Darf noch jemand rein? citysens sorgt für Transparenz

Eine in Ulm neuentwickelte Personenzählanlage ist in ersten Geschäften im Einsatz.

Im Feneberg-Supermarkt in der Ulmer Frauenstraße hat der Marktleiter jederzeit den Überblick, wie viele Menschen sich im Laden aufhalten. Mit der neuen Personenzählanlage, die vom Ulmer Smart-City-Spezialisten citysens – ein Gemeinschaftsunternehmen der SWU TeleNet GmbH, der eXXcellent solutions Gmbh, der systemzwo GmbH und der cortex Media GmbH – installiert wurde, wird zuverlässig festgehalten, wie viele Menschen den Laden betreten und wieder verlassen.

Die Anwendung ist auch eine der ersten Lösungen, deren Daten über die neue Smart-City-Plattform der Stadt Ulm verarbeitet werden, die derzeit vom IT-Spezialisten eXXcellent solutions GmbH und der SWU TeleNet im Auftrag der Digitalen Agenda aufgebaut wird. „Diese Lösung ist ein gutes Beispiel, wie wir in Ulm die Digitalisierung gemeinsam vorantreiben wollen.
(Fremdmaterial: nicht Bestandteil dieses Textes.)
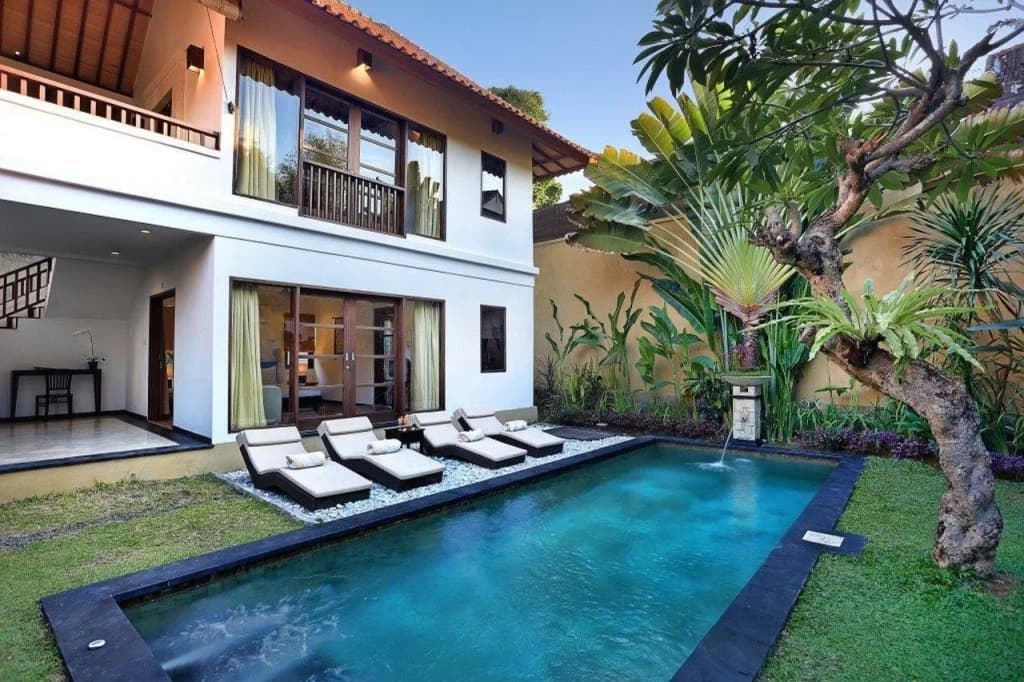 Dampati Villas - photo 44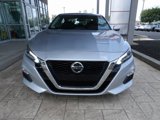 Certified 2022 Nissan Altima 2.5 SV image 2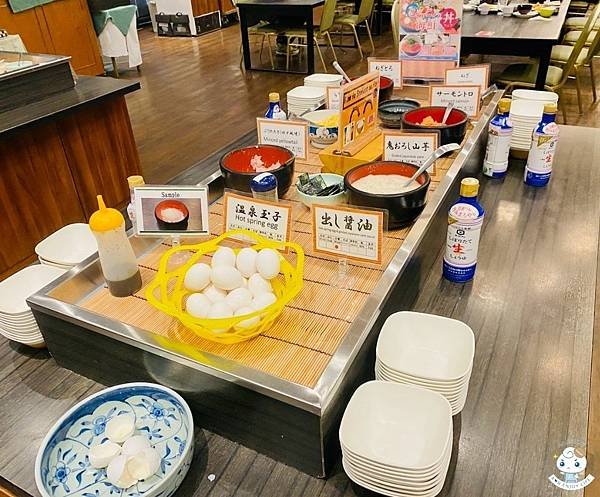 日本溫泉飯店推薦│大町溫泉鄉 黑部觀光飯店 │松葉蟹吃到飽＋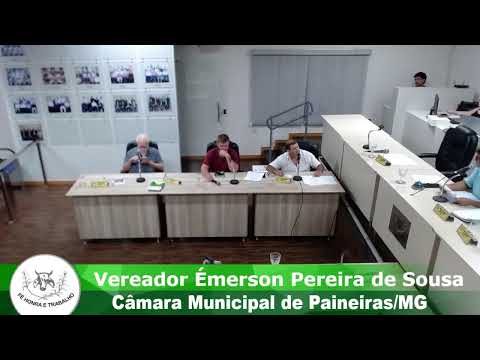 5ª Reunião Ordinária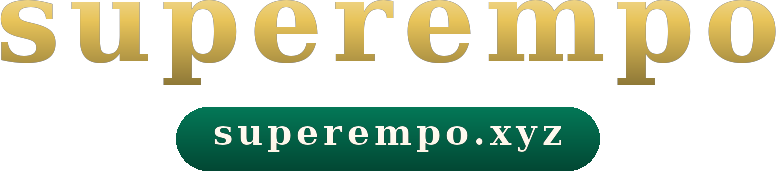 superempo logo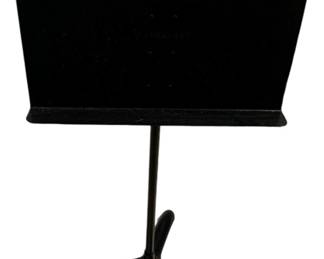 Metal Music Stand 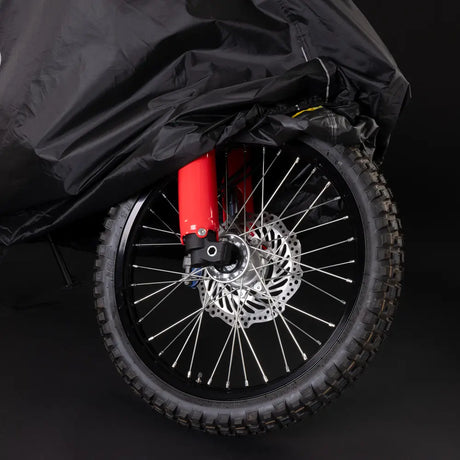 Oxford Aquatex Pro Top Box Motorcycle Heavy Duty Waterproof Cover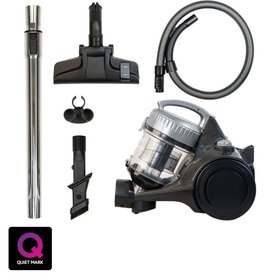 Russell Hobbs RHCV1611 Cylinder Corded Vacuum Cleaner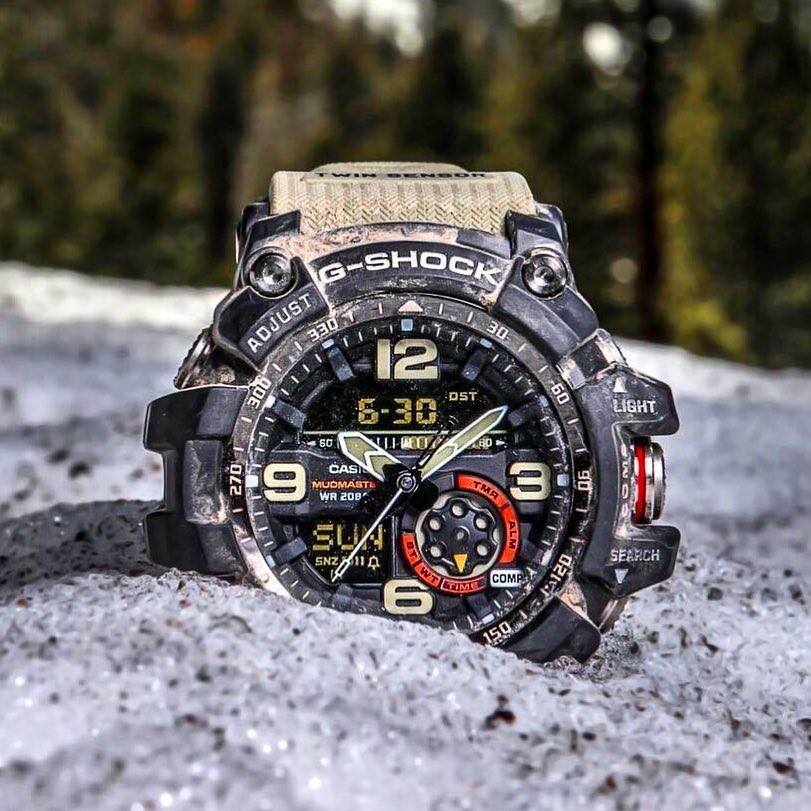 tali jam g shock gg 1000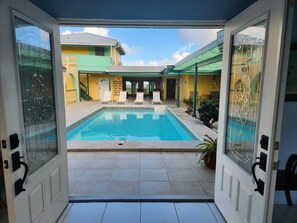 Pool Area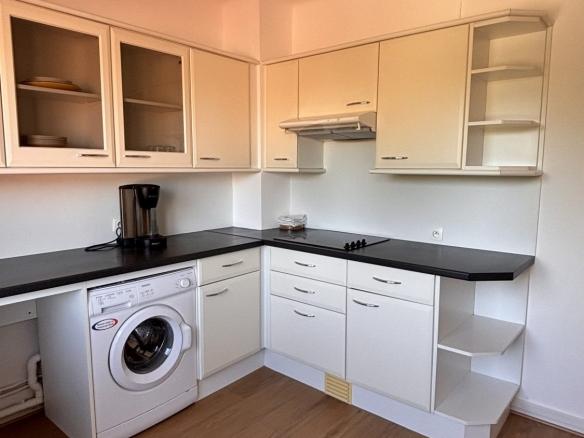 3 Chambres meublées colocation STRASBOURG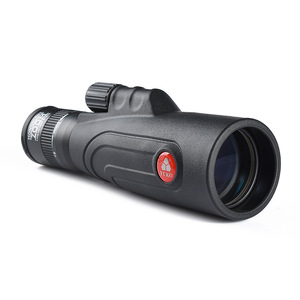 YUKO Monocular 8-20x50 Zoom Night Vision Portable Telescope for Outdoor Use - Product Image 4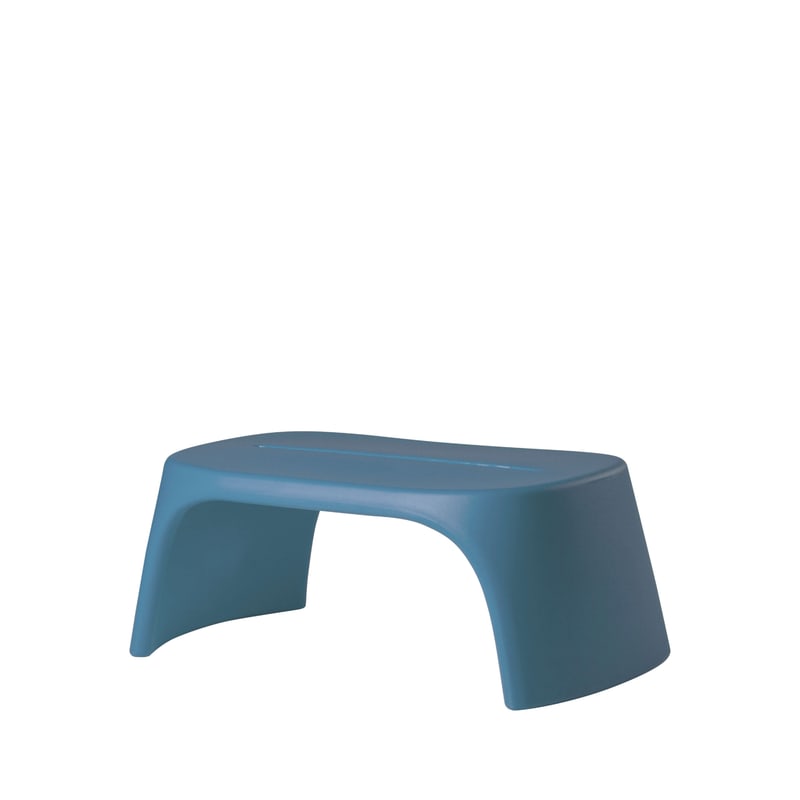 Banc AMELIE PANCHETTA - bleu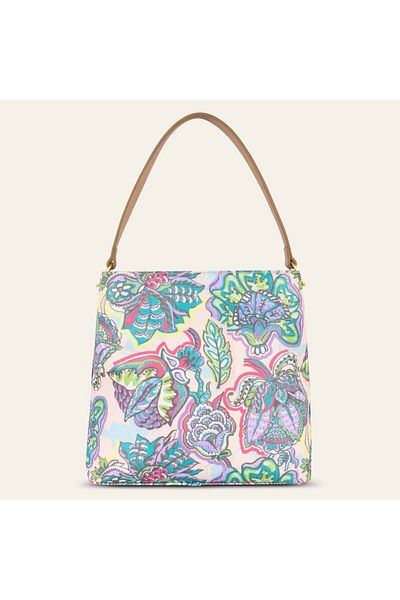Oilily Horus Schultertasche 24 cm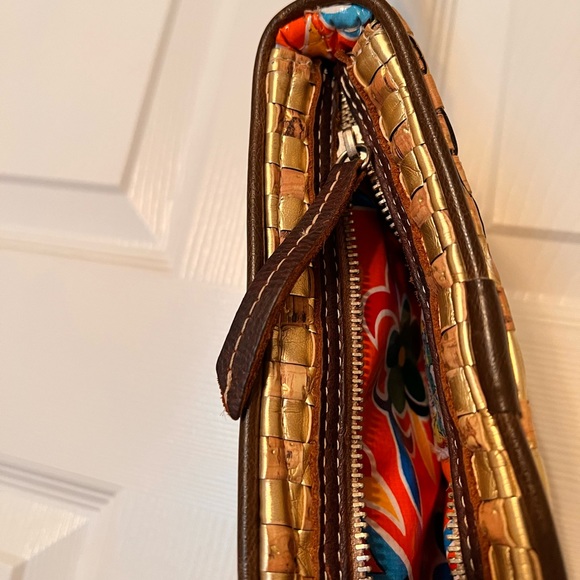 Consuela hand bag - Picture 3 of 4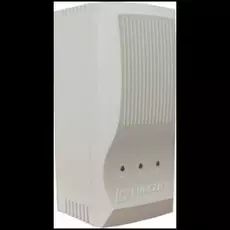 Источник бесперебойного питания Рубеж ИВЭПР 12/1,2 1х4 вторичный резервированный, Uвых.12В, Iвых.1.2А (max 4А), Uвх.140…250В, Pпотр.25Вт, под АКБ 1х12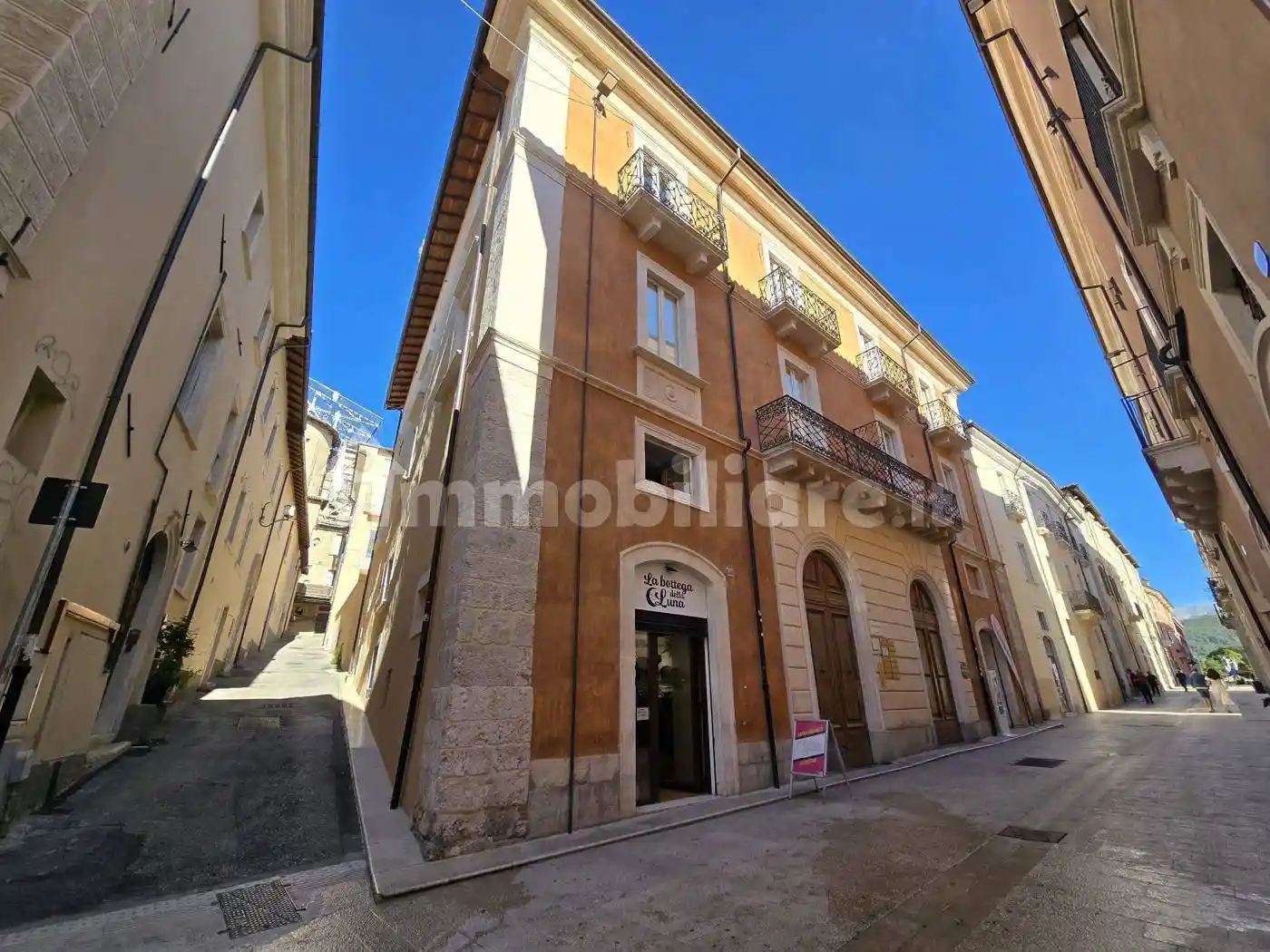 Appartamento in vendita a L'Aquila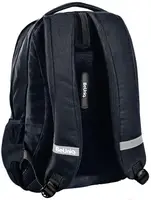 Рюкзак міський 24L Paso BeUniq Aloha PPAL20-2808 синій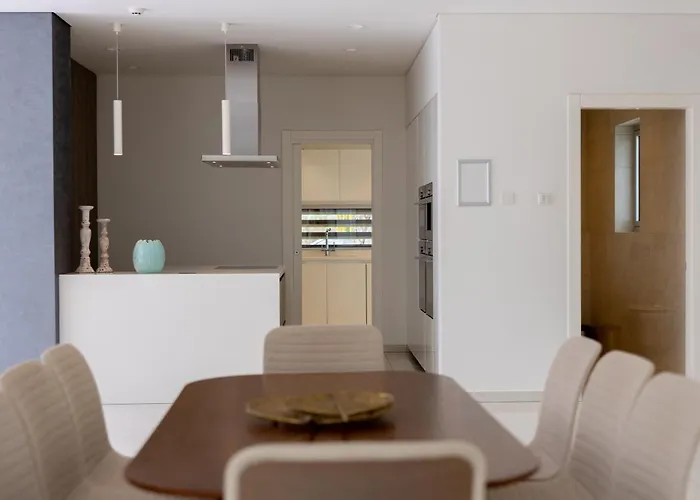 Vivo Mare Beachfront - Vista *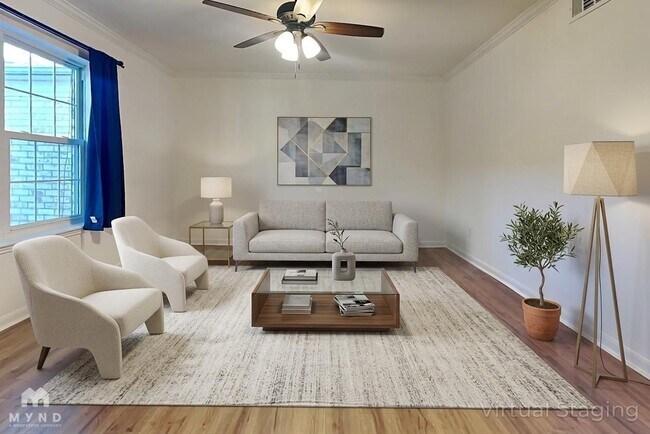 Foto del edificio - 7900 Westheimer Rd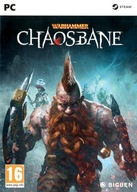 PC hra Warhammer: Chaosbane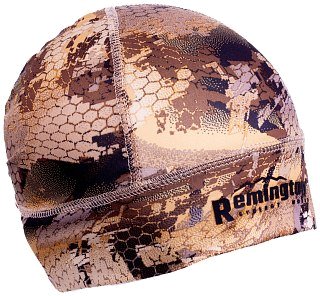 Шапка Remington Еase yellow waterfowl honeycombs - фото 2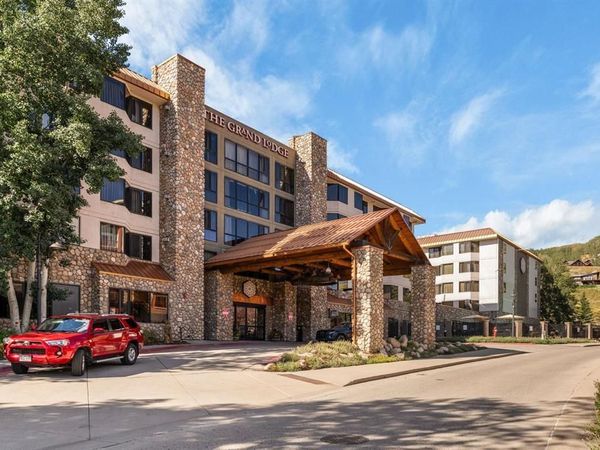6 Emmons Road, Mt. Crested Butte, CO 81225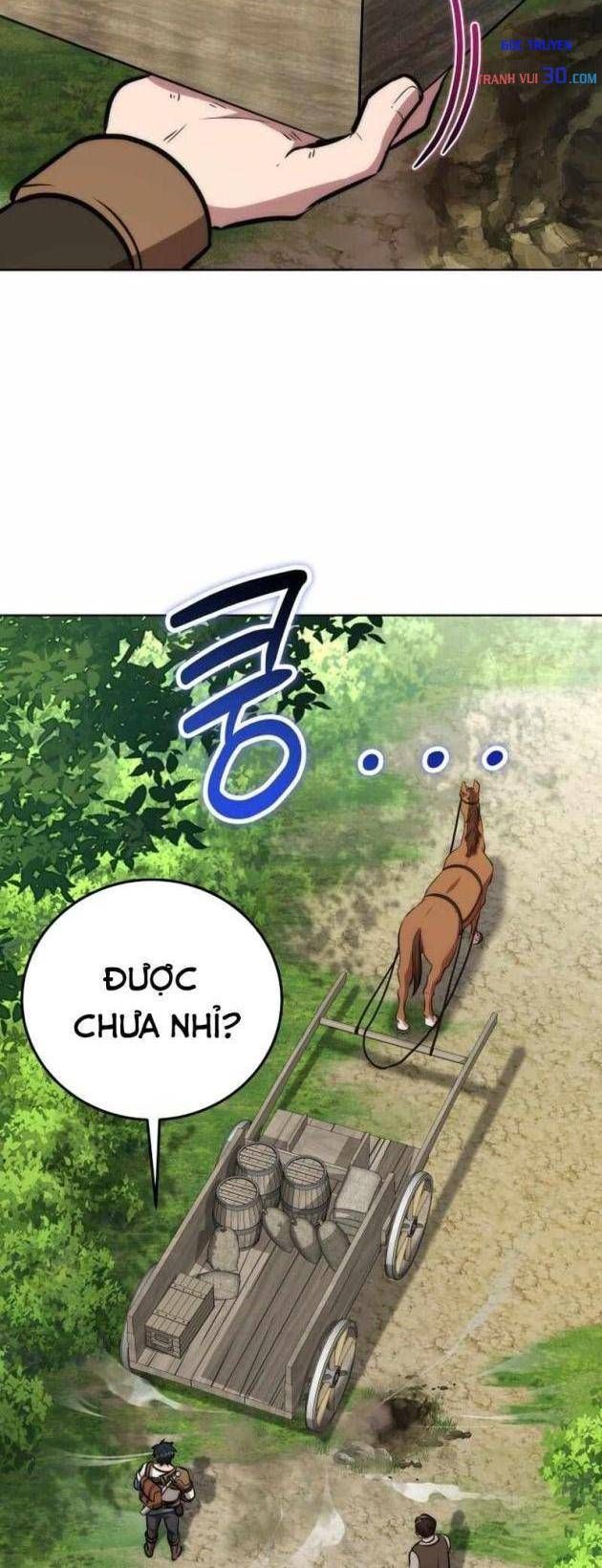 Hiệp Sĩ Cầm Gậy Bóng Chày Chap 34 - Next Chap 33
Gerade in Corona-Zeiten können wir so die lokale Wirtschaft und unsere Bürger bei der Bewältigung der Krise effektiv unterstützen“, begrüßt Ulms Oberbürgermeister Gunter Czisch den Ansatz.

Zum Einsatz kommen bei Feneberg LoRa-Sensoren, die ihre Daten über das Ulmer LoRaWAN direkt an die zentrale Datenplattform übermitteln. Dort werden sie verarbeitet und die Ergebnisse sind dann fast in Echtzeit auf dem Bildschirm des Marktleiters Ardian Balaj zu sehen. „Diese Personenzählanlage ist für uns eine echte Erleichterung, denn so muss niemand mehr manuell durchzählen. Ein Blick auf den Bildschirm genügt“, freut er sich über die neue Lösung. „Über die Verarbeitung auf der neuen Smart-City-Plattform ist zudem sichergestellt, dass die Daten sicher und vor unbefugtem Zugriff geschützt sind“, erklärt Sabine Meigel, Leiterin Geschäftsstelle Digitale Agenda der Stadt Ulm.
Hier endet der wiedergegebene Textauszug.